While the combing operations are under way to sanitise the Pathankot IAF base that was under siege for four days, the BSF has submitted a preliminary report to the ministry on the breach of security along the border, CNN-IBN news channel said.
It quoted unnamed sources as saying the BSF was yet to find any breach in the international border. “The BSF has in fact, turned its focus to look for possible tunnels or tractions that were used by the terrorists to infiltrate the border. A final report on the same will be submitted only after the BSF Director General D.K. Pathak returns from his tour of the international border.”
Security officials have said that though all the six terrorists have been killed, the combing operations may continue for a day or two more at the forward base where seven security personnel were killed.
Meanwhile, in what could further nail Pakistan’s hand in the Pathankot attacks, the National Investigating Agency (NIA) team investigating the case has found footprints from Pakistan shoe brand Epcot in Bamiyal area of Punjab.
With the focus shifting on investigation, anti-terror probe agency NIA’s chief Sharad Kumar was to arrive in Pathankot on Wednesday afternoon for an on-the-spot assessment. Kumar had said that solving the conspiracy behind the attack was a “very big challenge” but recalled how the agency had in the past established the identity of culprits in many blind cases.
“It’s a very challenging case and a lot of investigation needs to be done.“ Therefore, I am not fixing any deadline to the case but we will try to complete the probe soon,” the channel quoted Kumar as saying.

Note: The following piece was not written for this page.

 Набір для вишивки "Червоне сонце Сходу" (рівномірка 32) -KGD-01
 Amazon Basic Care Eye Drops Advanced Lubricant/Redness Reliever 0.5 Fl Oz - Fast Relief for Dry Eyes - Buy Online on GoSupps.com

Asked about the nationality of the terrorists involved in the Pathankot attack, Kumar had said there was little doubt that the suspects were from Pakistan and added “whatever evidence that is available in front of us till now is based on intercepted telephone calls between the terrorists and their handlers and family members across the border”.

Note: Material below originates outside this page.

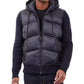 Men's Mixed-Media Hooded Zip Sweater Jacket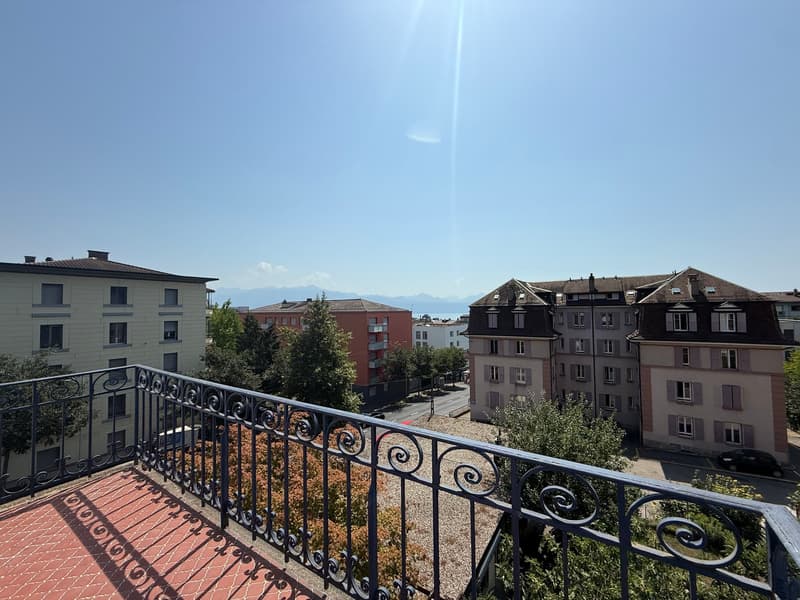 Lumineux 5 pièces avec balcon en plein centre (11)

He, however, refrained from naming the terror group responsible for the attack, saying “Let us work first. We will be able to establish everything once we have some evidence to support our claims. The case has to be proved before the court of law and therefore I will refrain from making statements on speculation.”
CNN-IBN said the alleged terrorists were believed to owe allegiance to Pakistan-based Jaish-i-Mohammad.
Kumar had said the probe was at an initial stage and refused to confirm if Pakistan’s external spy agency ISI had a role to play in the incident. “I can’t say whether ISI is involved or not. Let us see what happens after our probe is completed,” he said.
NIA had on Tuesday registered three cases in connection with the brazen terror strike, including the murder of a taxi driver, kidnapping of a superintendent of police and attack on the IAF base on the intervening night of January 1 and 2.
The NIA chief said Central Forensic Science Laboratory (CFSL) team was already assisting the 20-member agency team that is camping in Pathankot after the news of terror strike broke on Jan 2.